An exact copy of all the data is needed, with every picture left out.

+-------+

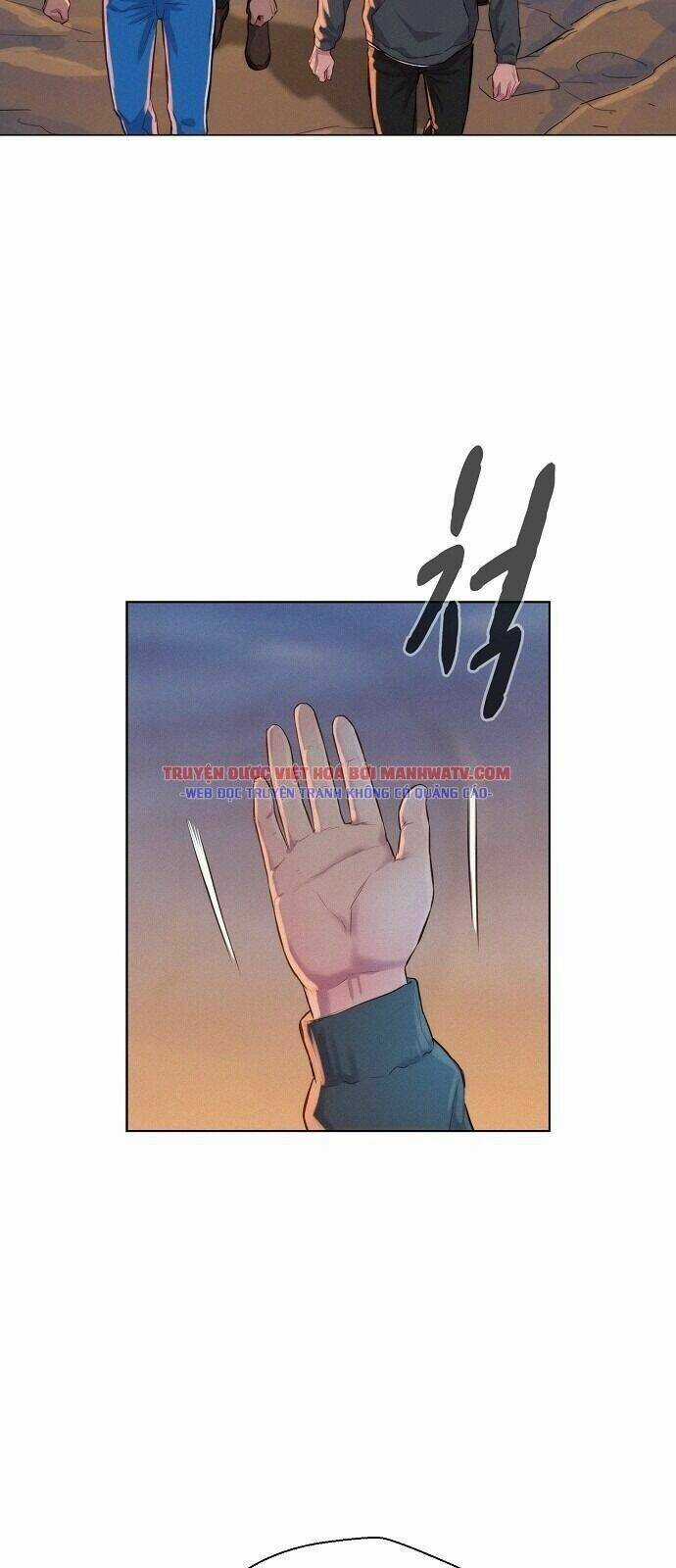 Thợ Săn 3 Cm Chapter 58 trang 46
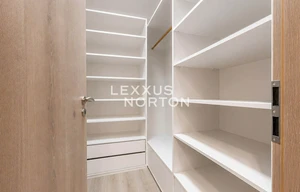Apartment for sale, 4+kk - 3 bedrooms, 100m<sup>2</sup>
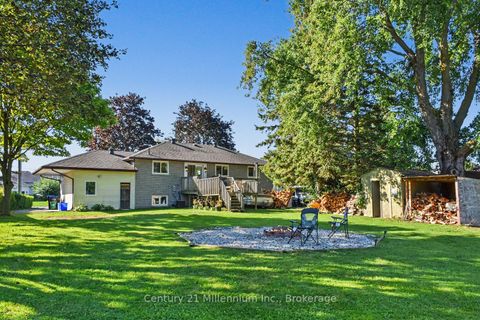 Photo 33 at 224 Margaret Street, Stayner, Clearview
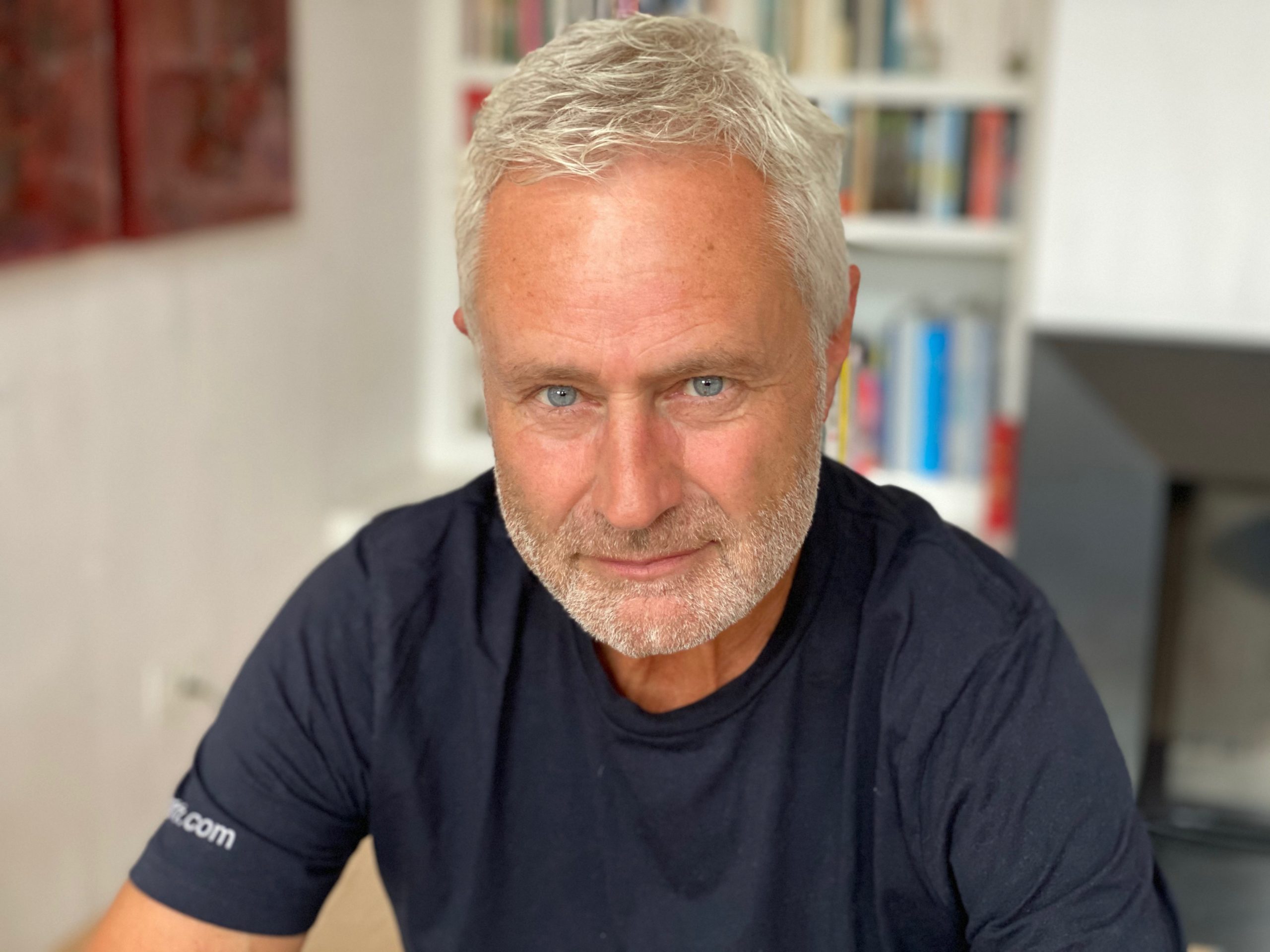 //knonauer-amt.ch/wp-content/uploads/2025/05/DaniNieth-scaled.jpg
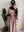 Plain Cotton Kaftan Set 4 | Free Size - Amiiraa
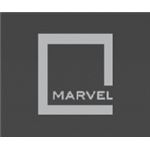 Marvel Realtors - Pune Image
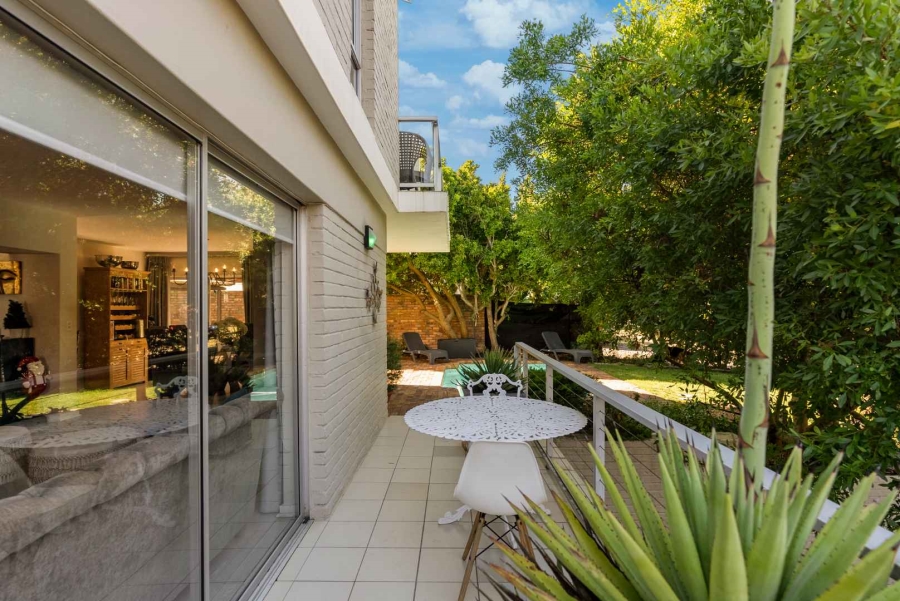 3 Bedroom Property for Sale in Helgarda Estate Western Cape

+-------+

Answer >>
 Thợ Săn 3 Cm Chapter 58 trang 46
Apartment for sale, 4+kk - 3 bedrooms, 100m<sup>2</sup>
 Photo 33 at 224 Margaret Street, Stayner, Clearview
 //knonauer-amt.ch/wp-content/uploads/2025/05/DaniNieth-scaled.jpg
 Plain Cotton Kaftan Set 4 | Free Size - Amiiraa
 Marvel Realtors - Pune Image
 3 Bedroom Property for Sale in Helgarda Estate Western Cape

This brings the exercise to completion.